Read Noose Online

Authors: Bill James

Tags: #Mystery

Noose (2 page)

‘Oh, fine, fine. What an idiot I was, though, causing so much fuss! Sorry. So, sorry.' A big, stagey, ‘
So
sorry.' At once then she started the boiling water flimflam, telling it with lots of face pulling and minor groans to indicate the extent of her stupidity. Yes, actress. Very successful young actress, so there
would
have been enough in the meter. He wondered if she worked out the explanation alone or whether, as Percy Lyall suggested, she'd had expert public relations advice. Her agent might already have visited.

Ian, of course, kept ‘glamorous' in his head for the statutory description of her, but she wasn't made-up now, and at some moments between the gushes of self-mockery she seemed almost haggard and resentful at being alive still, as if sure suicide would have been her grandest performance yet. He searched for resemblances to his father. Was there something about the slant of those light-blue eyes, and an unusual depth from the bottom of her nose to her top lip – supposed to be characteristic of a comedian? Well, Dad was one, but without knowing it. Daphne's tale about the boiling water had its giggle aspect, too – the daft unlikelihood.

She seemed to become unsettled by the thoroughness of his gaze, though someone with her attractions should have been used to men staring. ‘I look pretty rough, I expect,' she said.

‘I've enjoyed a lot of your stuff on television,' he said.

‘Oh?' She was thrilled and real pleasure sweetened her face, rather than the put-on, jolly, self-mocking chirpiness.

Ian said: ‘Look, I might get thrown out in a minute. Can we talk about – about the gas? What's your first memory after waking?'

‘My first memory? Oh, being slapped twice across the chops, to bring me round. And then the ambulance. Have you ever been carted off as an emergency in an ambulance?'

Yes, he'd been carted off as an emergency in an ambulance. And screaming for his mother. But this bedside meeting wasn't about him. He said, ‘A siren? Flashing blue light?'

‘
So
frightening, ambulances,' she said. ‘Those terrible bright red blankets, and the shine on all the metal gear.'

‘Is this stuff about the boiling water total garbage?' he replied. ‘Your flunkeys have been along and told you what to say? They don't like “Star in suicide bid”? Not good for the image, is it? Not good for their percentage.'

‘Flunkeys?'

‘You're an investment. There'll be an organization behind you, won't there? A manager. An agent. An impresario. They have to look after their property – you.' Percy Lyall had spoken about Ian's empathy flair – spoken about it satirically, but with some truth there, too. Occasionally, though, in this game an amount of brutality – verbal brutality – had to take over: when time was short, for instance, and when you suspected you were being soft-soaped.
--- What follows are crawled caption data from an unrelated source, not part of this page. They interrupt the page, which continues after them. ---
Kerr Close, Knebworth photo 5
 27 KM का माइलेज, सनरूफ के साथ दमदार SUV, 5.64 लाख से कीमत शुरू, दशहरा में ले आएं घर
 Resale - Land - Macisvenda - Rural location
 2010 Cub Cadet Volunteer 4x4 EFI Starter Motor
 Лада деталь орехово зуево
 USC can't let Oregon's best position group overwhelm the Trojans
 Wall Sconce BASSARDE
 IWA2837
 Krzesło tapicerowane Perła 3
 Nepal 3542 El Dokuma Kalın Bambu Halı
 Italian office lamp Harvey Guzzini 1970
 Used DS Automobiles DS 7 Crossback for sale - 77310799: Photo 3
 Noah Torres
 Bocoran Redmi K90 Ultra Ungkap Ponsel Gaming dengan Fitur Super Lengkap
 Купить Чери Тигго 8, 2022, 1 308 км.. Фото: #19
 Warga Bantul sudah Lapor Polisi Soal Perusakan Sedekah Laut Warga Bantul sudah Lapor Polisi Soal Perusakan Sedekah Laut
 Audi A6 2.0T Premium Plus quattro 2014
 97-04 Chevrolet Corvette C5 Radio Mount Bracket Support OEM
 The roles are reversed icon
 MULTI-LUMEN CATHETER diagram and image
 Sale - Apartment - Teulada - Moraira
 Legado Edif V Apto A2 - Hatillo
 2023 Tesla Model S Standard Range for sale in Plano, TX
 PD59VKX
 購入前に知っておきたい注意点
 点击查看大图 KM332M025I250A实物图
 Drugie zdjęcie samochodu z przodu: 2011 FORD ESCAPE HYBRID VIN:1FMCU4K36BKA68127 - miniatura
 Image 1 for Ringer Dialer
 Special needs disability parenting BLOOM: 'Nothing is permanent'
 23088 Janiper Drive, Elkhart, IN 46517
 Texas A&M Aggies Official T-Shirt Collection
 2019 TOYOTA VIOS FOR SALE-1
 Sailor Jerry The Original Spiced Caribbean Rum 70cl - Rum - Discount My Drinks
‘No, it isn't like that. Not at all,' she said. Her voice had weakened, though, as if she'd been knocked off-balance by what he said. She wouldn't have been able to get her lines to people in the back row of the stalls.

‘Is it a love affair? Something gone wrong between you and a man? Was it a serious relationship, at least from your point of view, and suddenly it's finished?'

She looked startled. ‘Why do you say that?' she said.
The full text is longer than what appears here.